US Jews protest arrest of woman at Kotel

Rabbi organizes rally supporting women holding Torah scrolls.

washington protest 311 (photo credit: frumforum.com)
washington protest 311
(photo credit: frumforum.com)
WASHINGTON – Close to 50 protesters, among them a dozen rabbis, warned the Israeli government on Thursday that the recent arrest of a woman carrying a Torah at the Kotel risked alienating American Jewry.
“I’m a proud Zionist, and I’m in love with Israel,” said Rabbi Jonathan Roos, addressing a crowd standing outside the Israeli Embassy in 90ºF (32ºC) heat.
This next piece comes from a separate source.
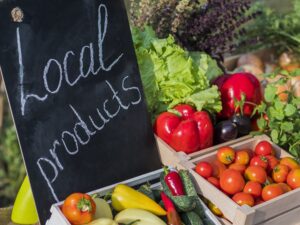 Virtual Conference on Local Food Set for 2021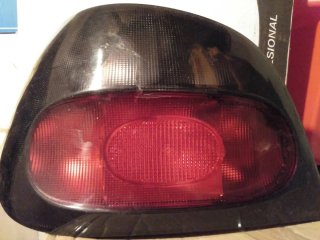 Foco Trasero Megane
But he said the July 13 arrest of Anat Hoffman “sullies the entire Zionist enterprise.”
Another demonstrator, Washington lawyer Rebecca Sendor-Israel, said, “I love Israel, and I’m scared of what the Israel that I love is becoming.”
The arrest of Hoffman, a leader of the Reform Movement in Israel, comes at a delicate time in Israeli-Diaspora relations, as members of the American community have mobilized to oppose a conversion bill in the Knesset that would anchor in law Orthodox rabbis’ control over the process in Israel.
It was an Orthodox rabbi, however, who organized Thursday’s protest, in part to show that many Orthodox Jews embrace the right of women to hold Torah scrolls, and oppose Hoffman’s arrest.
“This is the greatest desecration of God’s name, the fact that Jews arrested other Jews for holding a Torah,” Rabbi Shmuel Herzfeld of Washington’s National Synagogue said. “According to Jewish law, a woman is permitted to hold a Torah scroll.”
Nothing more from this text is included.